Go to the line below containing "Catherine Lansfield Harbour" and print exactly from there through the line containing "Solar panels on", both included. Print nothing else.

◆ **Source data**:
______

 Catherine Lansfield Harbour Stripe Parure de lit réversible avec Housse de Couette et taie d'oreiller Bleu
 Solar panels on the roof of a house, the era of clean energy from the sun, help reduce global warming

______

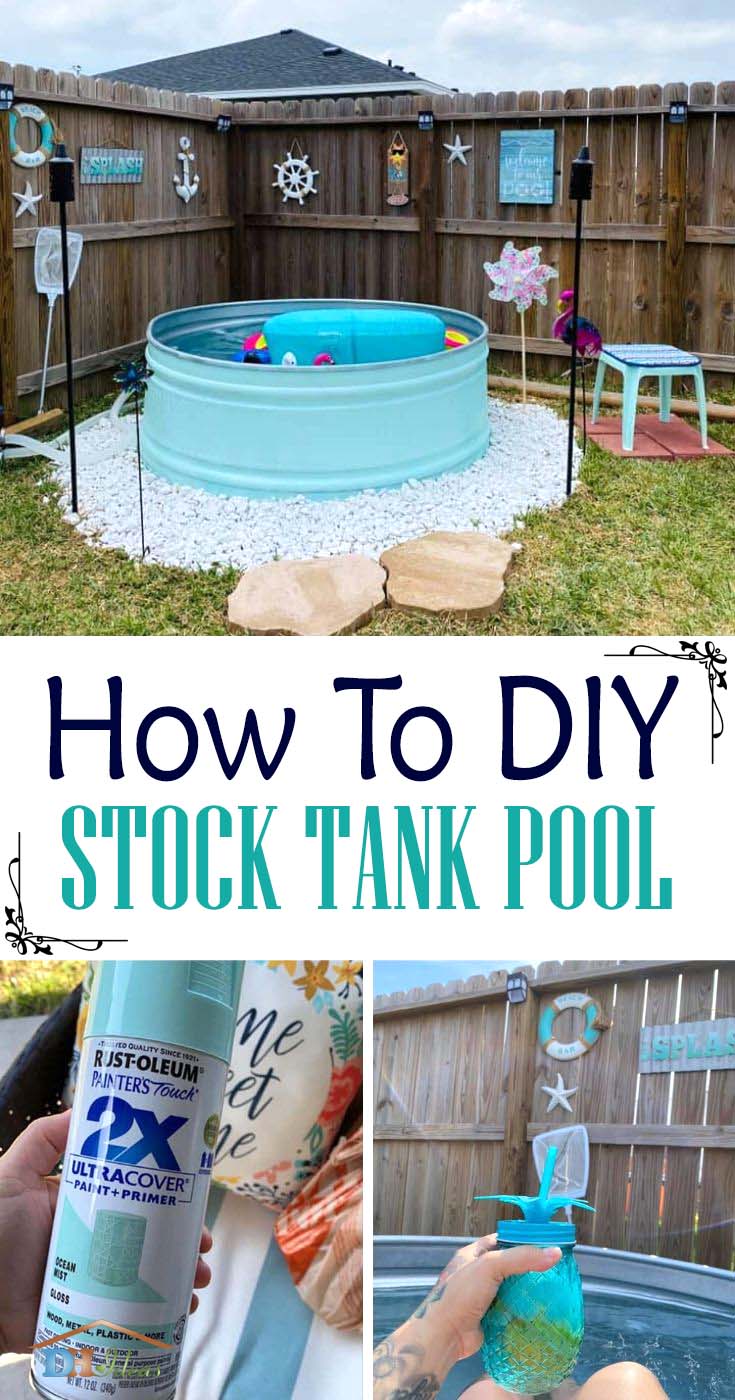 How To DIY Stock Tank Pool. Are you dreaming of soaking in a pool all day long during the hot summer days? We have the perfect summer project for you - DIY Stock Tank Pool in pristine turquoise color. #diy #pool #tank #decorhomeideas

______

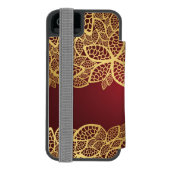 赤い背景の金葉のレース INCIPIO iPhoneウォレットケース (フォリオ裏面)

______

◆ **Response to the exercise**:
 Catherine Lansfield Harbour Stripe Parure de lit réversible avec Housse de Couette et taie d'oreiller Bleu
 Solar panels on the roof of a house, the era of clean energy from the sun, help reduce global warming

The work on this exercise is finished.